Friday, May 30, 2008

Trial Court to Opine on Issue of First Impression under the Sunshine Law: Can Testimony be Limited to the First Day of a Recessed, Continued Meeting?

In Honua‘ula group joins suit against the county, May 29, 2008, reporter Chris Hamilton from the Maui News reported that on March 19, 2008, the Maui County Council voted 5-4 to grant zoning with a long list of conditions for the developers of the Honua’ula, aka Wailea 670, project. In early April 2008, the mayor signed bills for project district zoning to allow development.

The legal challenge is based, among other claims, on the Council’s practice of recessing its meetings. In practice, the Council closes testimony after the beginning of the meeting on day one, and will not take additional testimony at subsequent continued meetings on the same agenda item.

In this case, the Council’s Land Use Committee continued 13 meetings over two months. For about a year prior, council members on the Land Use Committee conducted dozens of meetings and heard from hundreds of people for and against the project.
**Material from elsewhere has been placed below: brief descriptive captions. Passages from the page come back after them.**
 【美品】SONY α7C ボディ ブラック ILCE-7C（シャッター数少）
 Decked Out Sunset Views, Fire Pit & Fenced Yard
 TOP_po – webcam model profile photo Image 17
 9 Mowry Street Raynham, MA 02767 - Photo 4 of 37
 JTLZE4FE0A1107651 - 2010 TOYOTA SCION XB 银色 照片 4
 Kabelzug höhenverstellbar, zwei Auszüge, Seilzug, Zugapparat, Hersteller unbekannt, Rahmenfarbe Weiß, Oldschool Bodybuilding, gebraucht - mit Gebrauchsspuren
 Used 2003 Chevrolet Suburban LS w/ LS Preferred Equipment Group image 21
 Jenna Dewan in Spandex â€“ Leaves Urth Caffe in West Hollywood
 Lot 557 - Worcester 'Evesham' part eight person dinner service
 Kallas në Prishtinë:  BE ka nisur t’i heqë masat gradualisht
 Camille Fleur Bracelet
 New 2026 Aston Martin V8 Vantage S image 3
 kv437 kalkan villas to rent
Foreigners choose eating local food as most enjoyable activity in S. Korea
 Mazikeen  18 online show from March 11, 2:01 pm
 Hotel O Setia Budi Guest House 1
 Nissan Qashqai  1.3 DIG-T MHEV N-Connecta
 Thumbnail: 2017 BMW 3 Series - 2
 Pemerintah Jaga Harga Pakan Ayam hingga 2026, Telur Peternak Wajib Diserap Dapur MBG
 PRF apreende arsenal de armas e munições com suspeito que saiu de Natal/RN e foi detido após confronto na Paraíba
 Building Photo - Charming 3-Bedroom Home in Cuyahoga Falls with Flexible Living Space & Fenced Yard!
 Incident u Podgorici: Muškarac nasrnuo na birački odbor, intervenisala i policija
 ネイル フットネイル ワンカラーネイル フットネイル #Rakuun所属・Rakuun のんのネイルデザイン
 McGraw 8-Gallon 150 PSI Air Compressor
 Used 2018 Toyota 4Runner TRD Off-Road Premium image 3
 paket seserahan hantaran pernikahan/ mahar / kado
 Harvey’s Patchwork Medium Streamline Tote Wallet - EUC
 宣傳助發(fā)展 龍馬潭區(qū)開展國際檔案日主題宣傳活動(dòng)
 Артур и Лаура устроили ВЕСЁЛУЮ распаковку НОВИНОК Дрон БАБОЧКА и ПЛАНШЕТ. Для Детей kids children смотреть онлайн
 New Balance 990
HRS Chapter 92, commonly referred to as the Sunshine Law, procedurally requires that “[t]he [Council] shall afford all interested persons an opportunity to submit data, views, or arguments, in writing, on any agenda item. The [Council] shall also afford all interested persons an opportunity to present oral testimony on any agenda item. The [Council] may provide for reasonable administration of oral testimony by rule.” HRS Section 92-3. In addition, public notice must be given of any meeting by written agenda, six days prior to the meeting. HRS Section 92-7.

Any final action taken in violation of HRS sections 92-3 and 92-7 may be voidable upon proof of violation. HRS Section 92-11.

The question before Maui’s Second Circuit Court Judge Joseph Cardoza is whether recessing a meeting to another day would require additional testimony on the same agenda items. The County says no, because a recessed meeting is a continuation of the same meeting. The Plaintiff’s say yes, because continued meetings are new meetings that require public testimony.

The intent of the Sunshine Law is “to protect the people's right to know.” HRS Section 92-1. Provisions “requiring open meetings shall be liberally construed” and “provisions providing for exceptions to the open meeting requirements shall be strictly construed against closed meetings.” HRS Section 92-1. The Sunshine Law is silent on “recessed” meetings. Moreover, there is no exception that would bar persons from testifying again at a recessed meeting that is continued to a subsequent day.

The Office of Information Practices is charged with interpreting the Sunshine Law when requested. HRS Section 92-1.5. It has not offered its opinion on the issue of recessed or continued meetings; however, it has opined that public testimony on agenda items may be taken at the beginning of a meeting then closed to further testimony. Opinion Letter No. 06-01. The Rules of the Maui County Council provides that the chair may fix time limits for testimony and that testimony is only taken during the “testimony portion of the meeting or hearing”; however, the Rules do not provide for the effect of recessed or continued meetings.

The Court should consider balancing the “people’s right to know” with the practicality of conducting efficient meetings and government business. The Sunshine Law states that "[o]pening up the governmental processes to public scrutiny and participation is the only viable and reasonable method of protecting the public's interest," but in addition to public scrutiny, the public also has an interest in efficient government. HRS Section 92-1. In this case, the County reportedly heard hundreds of people testify at over a year’s worth of meetings. If the Council allowed each person to testify multiple times on the same agenda item, the item could be filibustered. The alternative to a recess would be a meeting marathon that would gobble up meager county government resources and grind government business to a halt.

Either way Judge Cardoza decides, this case is destined for the Hawaii Supreme Court.